Mein Besuch im Buchhändlerkeller
Im Oktober 2009 ging ich zweimal zu den Lesungen des sogenannten Buchhändlerkellers, um mich mal fernab der für mich gewohnten Fernsehlandschaft niveauvoll unterhalten zu lassen. Um nicht als Film- und Fernsehfledermaus unter den ganzen anderen Leseratten aufzufallen, nahm ich noch zwei hungrige Bücherwürmer mit. Politisch korrekt gesagt, waren es zwei Bücherwürmerinnen, wobei die eine normalsehend und Mitarbeiterin des Projektes „Berlin für Blinde“ und die andere eine langjährige blinde Freundin ist. Da ich ja selbst auch sehbehindert bin und es zu diesem Zeitpunkt noch keine Wegbeschreibung vom U-Bahnhof Ernst-Reuter-Platz bis zum Buchhändlerkeller gab, war es schon recht hilfreich, eine normalsehende Begleitung dabei zu haben, denn ohne Wegbeschreibung kann der Ernst-Reuter-Platz doch äußerst unübersichtlich sein, vor allem wenn die Sicht ohnehin schon getrübt ist.
Über die bald erscheinende Wegbeschreibung redend, liefen wir etwa fünf Minuten zum Buchhändlerkeller, und zumindest ich war überrascht, als wir dort ankamen, denn beim Buchhändlerkeller fehlten sowohl der Handel als auch der Keller! Der Vortragsraum ist ebenerdig und Bücher werden nur jeweils direkt nach einer Lesung verkauft – oftmals sogar vom Autor signiert. Einstmals befand sich der Vortagsraum tatsächlich in einem Keller und Buchhandel wurde auch betrieben, jedoch wurden dann irgendwann andere Räumlichkeiten aufgesucht, wobei der Name „Buchhändlerkeller“ in Fachkreisen offenbar für gute Qualität steht und aufgrund dieser Etablierung natürlich beibehalten wurde.
Wir zahlten den für uns ermäßigten Eintrittspreis von 3 Euro und setzten uns in die erste Reihe des mittelgroßen Vortragsraumes.
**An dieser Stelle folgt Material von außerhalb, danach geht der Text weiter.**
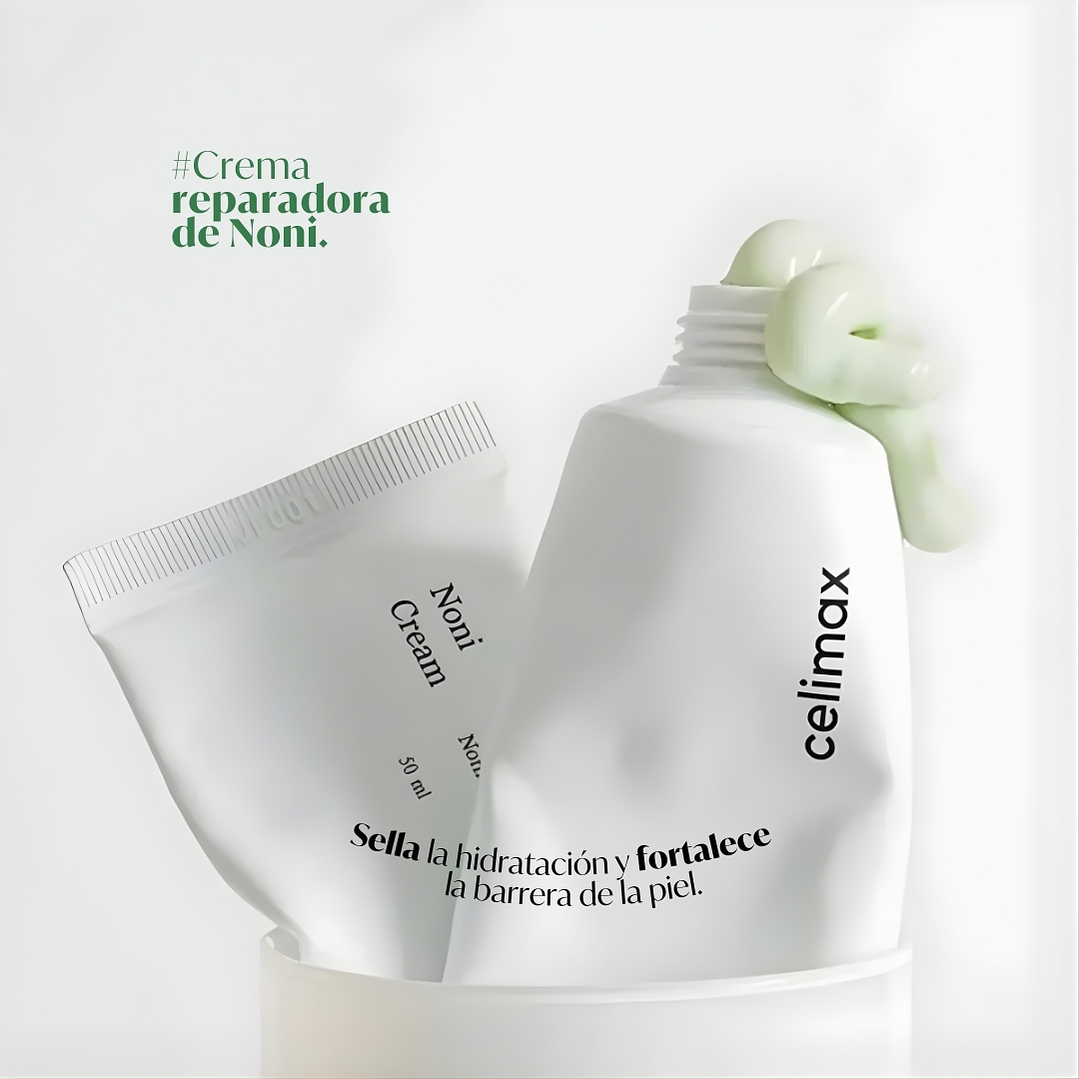 Crema Real Noni Energy Repair Cream 50ml 3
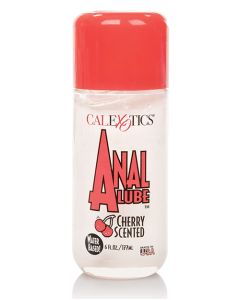 Anal Lube - 6 oz Cherry Scent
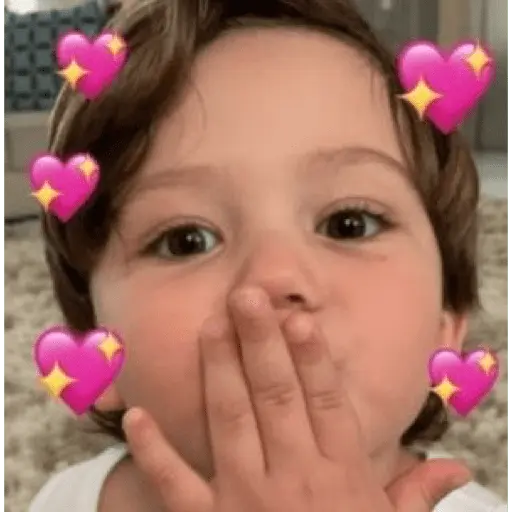 💕 👶🏻 Bebes amorosos 💕🍼 2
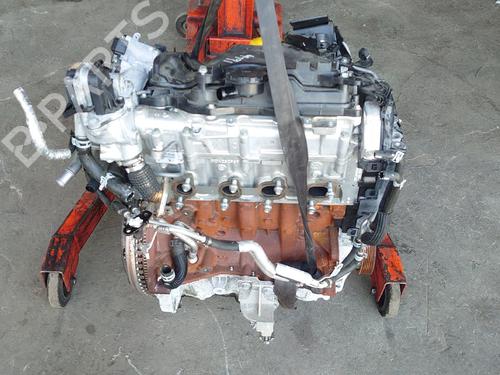 Engine RENAULT KANGOO III Box Body/MPV 1.5 Blue dCi 95 (FJAB) | BP40011853M1 - Image 2
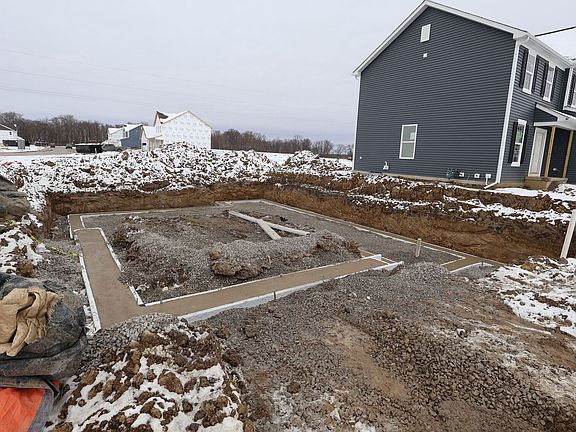 Homesite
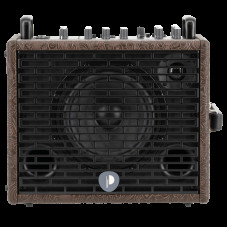 PROTRAVELER6 Комбоусилитель с чехлом, 120Вт, Prodipe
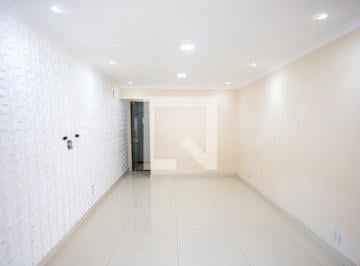 Casa · 137m² · 3 Quartos · 3 Vagas · Casa para Aluguel - Campo Grande, 3 Quartos, 137 m² - Rio de Janeiro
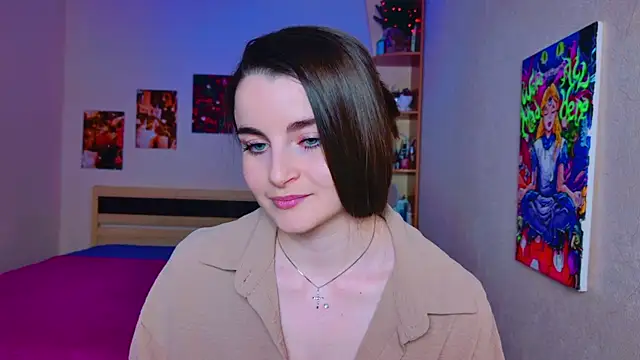 Snapshot of Miss_Arwen chatting on 01.28.25 Miss Arwen online show from 01.28.25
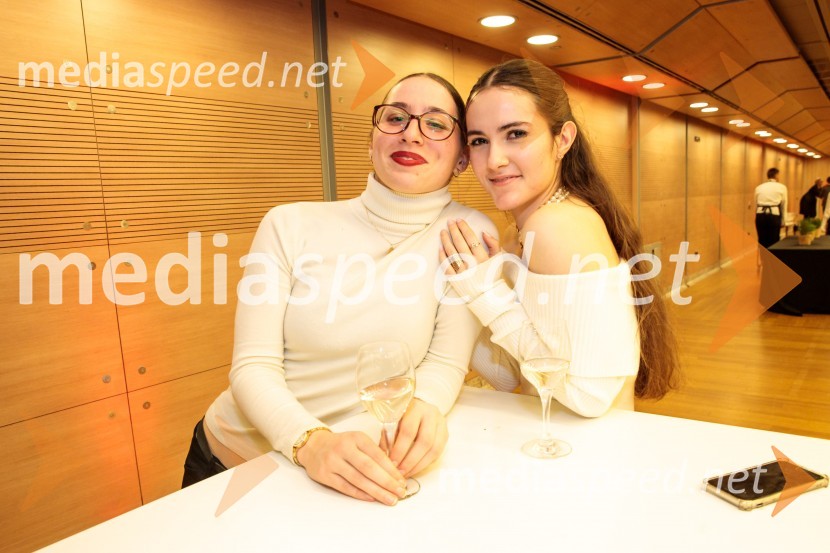 Inženirka leta 2024 je Rebeka Kropivšek Leskovar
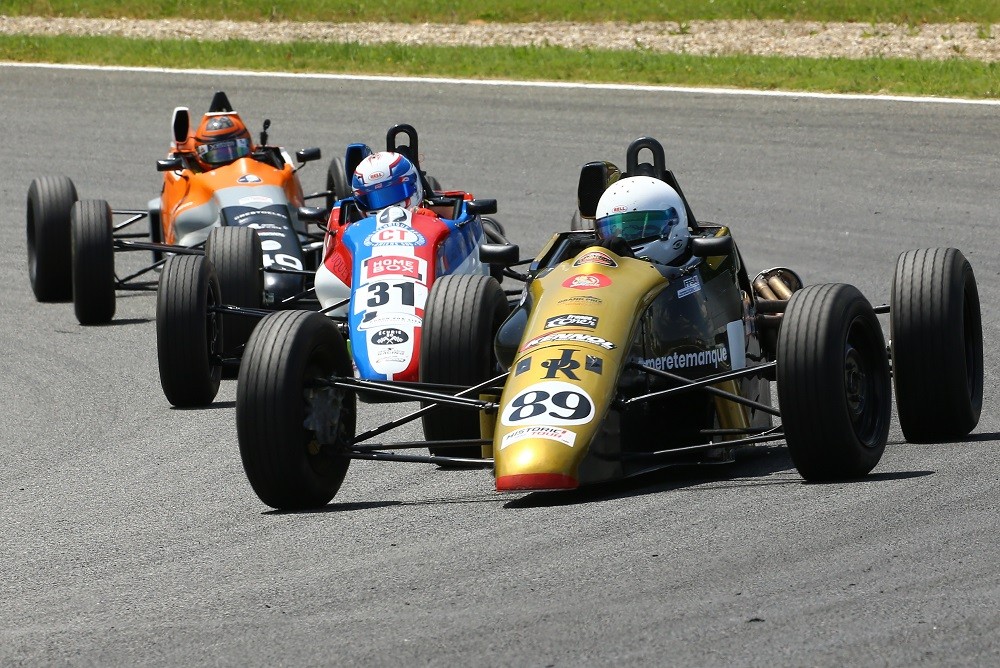 Monteiro albi 2023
Obwohl der bei starker Zuhörerfrequentierung ebenfalls genutzte Nebenraum mit seinen gemütlichen Polstermöbeln und der kleinen Bar sehr einladend auf uns wirkte, war nun erst einmal die Lesung an der Reihe.
Es ging um die „Wahlverwandtschaften“ von Johann Wolfgang von Goethe. Da der Autor seit 1832 für Lesungen nicht mehr zur Verfügung steht, wurde er durch den bekannten Film- und Theaterschauspieler Hermann Treusch vertreten, der durch seine hervorragende Vortragsweise selbst mich mitreißen konnte, und dabei war mir die Geschichte um Liebesbeziehungen, Gesellschaftsordnung und Chemie schon in meiner Schulzeit zu komplex und rätselhaft.
Bei der zweiten Lesung, welche wir besuchten, ergaben sich für mich weitaus weniger Verständnisschwierigkeiten, denn es ging um Harry Potter! Genauer gesagt, um das Buch von Viola Altrichter mit dem Titel „Harry Potter – ein moderner Mythos“. Ich selbst kann zwar mit dem Zauberzwerg nicht viel anfangen, aber meine beiden Bücherwürmer waren durch diverse Bücher, Hörbücher und Filme im Vorhinein bestens informiert.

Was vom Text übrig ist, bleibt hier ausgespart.